Electronic Arts (NAS: EA) reported earnings on Jan. 30. Here are the numbers you need to know.
The 10-second takeaway
For the quarter ended Dec. 31 (Q3), Electronic Arts missed estimates on revenues and beat slightly on earnings per share.
Compared to the prior-year quarter, revenue dropped significantly and GAAP loss per share dropped.
Margins grew across the board.
Electronic Arts logged revenue of $1.18 billion. The 23 analysts polled by S&P Capital IQ expected a top line of $1.29 billion on the same basis. GAAP reported sales were 13% lower than the prior-year quarter's $1.06 billion.
Source: S&P Capital IQ. Quarterly periods. Dollar amounts in millions. Non-GAAP figures may vary to maintain comparability with estimates.
EPS came in at $0.57. The 24 earnings estimates compiled by S&P Capital IQ predicted $0.56 per share. GAAP EPS were -$0.15 for Q3 compared to -$0.62 per share for the prior-year quarter.

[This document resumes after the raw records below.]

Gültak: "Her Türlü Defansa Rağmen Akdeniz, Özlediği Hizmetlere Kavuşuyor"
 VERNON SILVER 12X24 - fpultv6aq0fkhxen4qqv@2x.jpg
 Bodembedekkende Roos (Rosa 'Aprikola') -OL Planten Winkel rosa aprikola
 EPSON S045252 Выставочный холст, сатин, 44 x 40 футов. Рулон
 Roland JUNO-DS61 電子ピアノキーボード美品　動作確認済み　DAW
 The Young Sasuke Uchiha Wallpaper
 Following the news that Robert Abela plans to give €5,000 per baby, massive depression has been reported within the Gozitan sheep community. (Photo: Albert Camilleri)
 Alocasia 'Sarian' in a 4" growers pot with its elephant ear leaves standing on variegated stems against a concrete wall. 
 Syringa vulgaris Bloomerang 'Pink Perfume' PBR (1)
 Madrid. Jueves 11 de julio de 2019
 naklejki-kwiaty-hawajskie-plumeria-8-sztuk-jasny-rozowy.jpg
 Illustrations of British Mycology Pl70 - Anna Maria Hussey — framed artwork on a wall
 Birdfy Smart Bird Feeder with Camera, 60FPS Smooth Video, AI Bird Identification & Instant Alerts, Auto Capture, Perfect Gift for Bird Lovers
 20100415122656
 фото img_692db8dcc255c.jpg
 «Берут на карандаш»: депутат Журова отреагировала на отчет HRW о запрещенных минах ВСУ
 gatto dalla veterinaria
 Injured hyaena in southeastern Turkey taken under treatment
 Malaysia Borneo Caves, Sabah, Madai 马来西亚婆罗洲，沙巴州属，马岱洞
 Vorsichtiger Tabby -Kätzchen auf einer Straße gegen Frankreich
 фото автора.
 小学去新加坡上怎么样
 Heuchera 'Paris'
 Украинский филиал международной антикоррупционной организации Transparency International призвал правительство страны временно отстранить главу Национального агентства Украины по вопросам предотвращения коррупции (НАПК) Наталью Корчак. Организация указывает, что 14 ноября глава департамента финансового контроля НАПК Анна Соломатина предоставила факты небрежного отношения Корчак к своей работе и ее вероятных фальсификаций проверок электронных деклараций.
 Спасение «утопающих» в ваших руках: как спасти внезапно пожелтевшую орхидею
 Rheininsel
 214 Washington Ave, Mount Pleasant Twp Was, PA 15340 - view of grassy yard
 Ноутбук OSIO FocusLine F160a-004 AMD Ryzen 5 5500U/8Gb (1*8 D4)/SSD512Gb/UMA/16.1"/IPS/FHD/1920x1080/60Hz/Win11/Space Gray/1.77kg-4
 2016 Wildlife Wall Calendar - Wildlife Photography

Source: S&P Capital IQ. Quarterly periods. Non-GAAP figures may vary to maintain comparability with estimates.
For the quarter, gross margin was 53.5%, 550 basis points better than the prior-year quarter. Operating margin was -8.9%, 940 basis points better than the prior-year quarter. Net margin was -4.9%, 1,440 basis points better than the prior-year quarter.
Next quarter's average estimate for revenue is $1.22 billion. On the bottom line, the average EPS estimate is $0.72.
Next year's average estimate for revenue is $4.07 billion. The average EPS estimate is $1.02.
The stock has a two-star rating (out of five) at Motley Fool CAPS, with 1,952 members out of 2,228 rating the stock outperform, and 276 members rating it underperform. Among 560 CAPS All-Star picks (recommendations by the highest-ranked CAPS members), 485 give Electronic Arts a green thumbs-up, and 75 give it a red thumbs-down.
Of Wall Street recommendations tracked by S&P Capital IQ, the average opinion on Electronic Arts is hold, with an average price target of $16.10.